“This world will at last come into a time of peace,” the Premier of Alberta said last week. “The earth will be as full of the knowledge of the glory of the Lord as the waters cover the sea.”
As he does every Sunday, Premier Ernest Charles Manning had stepped out of his role as boss of oil-booming Alberta, and assumed his other position as head of the Prophetic Bible Institute in downtown Calgary. To some 250 people, who had braved 12°-below-zero weather to hear him, the pale, slender politician preached in a twangy, compelling voice. Calgary’s radio station CFCN carried his weekly Back to the Bible Hour to the rest of Alberta.

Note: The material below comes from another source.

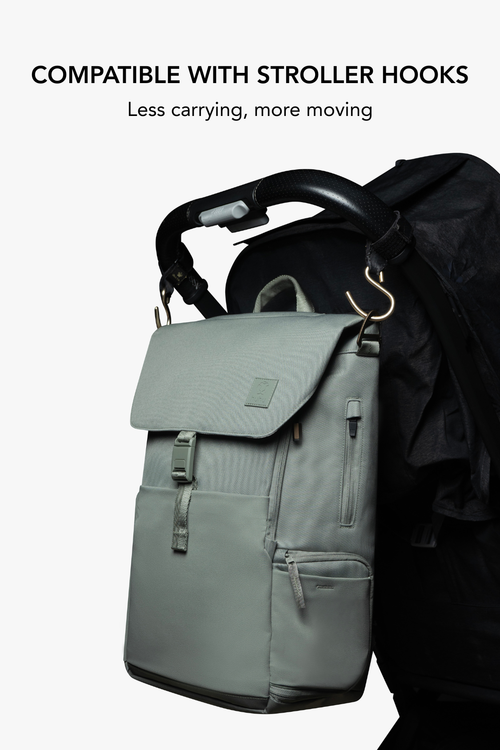 Everyday Diaper Backpack & Changing Wallet Bundle / Outdoorsy Sage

Pupil & Master. Ernest Manning’s blending of religion and politics had its beginning one Sunday afternoon 23 years ago. He was a Saskatchewan farm boy when he first heard a broadcast from Calgary by William (“Bible Bill”) Aberhart, radio evangelist. Two years later, after listening to Aberhart every Sunday, he set out for Calgary to enroll as a student at Aberhart’s Prophetic Bible Institute.
Night after night, big, hardy Bill Aberhart and the frail farm youth studied together, first the Scriptures, then more worldly books. When the depression was at its height they read Maurice Colbourne’s Unemployment or War, expounding the theory of Social Credit for the redistribution of wealth, as originated by England’s Major Clifford Douglas. Aberhart and Manning decided it was the answer to Alberta’s problems.
In 1934 the two converts naively tried to sell the Social Credit theory to the Alberta government. When they were laughed off, they resolved to form their own party, campaigned up & down the province at political rallies that opened with prayers and hymns. Depression-hit Alberta voted the Social Crediters into office with 51 of the 57 House seats. Ernest Manning, at 27, became Minister of Trade and Industry under Premier Aberhart.
Soon after they took office, the Social Crediters tried to get started on their currency reform plans, which were to pay off $25-a-month government “dividends” to all adults. In 1937 the Dominion government stepped in, ruled that a province had no right to tamper with the banking system, and the Social Credit payoff never got out of the dream stage. When Bill Aberhart died in 1943, Social Credit’s House membership had dropped to 35.
Crops & Oil. But both Alberta and Social Credit began to undergo amazing changes soon after Manning became Premier. Record wartime crops put agriculture back on its feet. New wartime industries provided a market for Alberta coal. Premier Manning was scarcely responsible for all Alberta’s good fortune, but Albertans gave him credit for making the most of it. In the 1944 election, they returned Manning’s party to its alltime high of 51 legislative seats. Just when the war boom began to peter out, the great new oilfields at Leduc and Redwater surged in. Manning smothered the opposition with another landslide in 1948.
With prosperity, the Social Credit philosophy did an about-face from starry-eyed radicalism to steady-eyed business. After ten years of defaulting on Alberta bonds, Manning recalled $113 million of the province’s debts, issued new bonds and began backing his word with payments.
One of Manning’s most popular moves was his handling of Alberta’s oil resources, based on his theory that the province as a whole should get the benefit of such a gift of nature. Few private fortunes were made on oil leases; the Alberta government owns most oil rights. Last year $13 million poured into Alberta’s treasury from oil lease sales and royalties, and Manning earmarked it for such capital expenditures as roads, schools and libraries. Said the Premier: “When the day comes that our oil runs out, these benefits will remain.”
Besides the whopping income from oil, Alberta’s revenues in the last fiscal year (ended March 31, 1949) reached a record $57.5 million, and the government was able to finish off the year with a $7.5 million surplus. Manning now estimates that Alberta will be debt-free in 30 years.
Of the double vocations he follows, Manning makes no secret of his preference. “I abhor the word politician,” he said last week. “I am not here by choice. I would much rather concentrate on my Bible work.”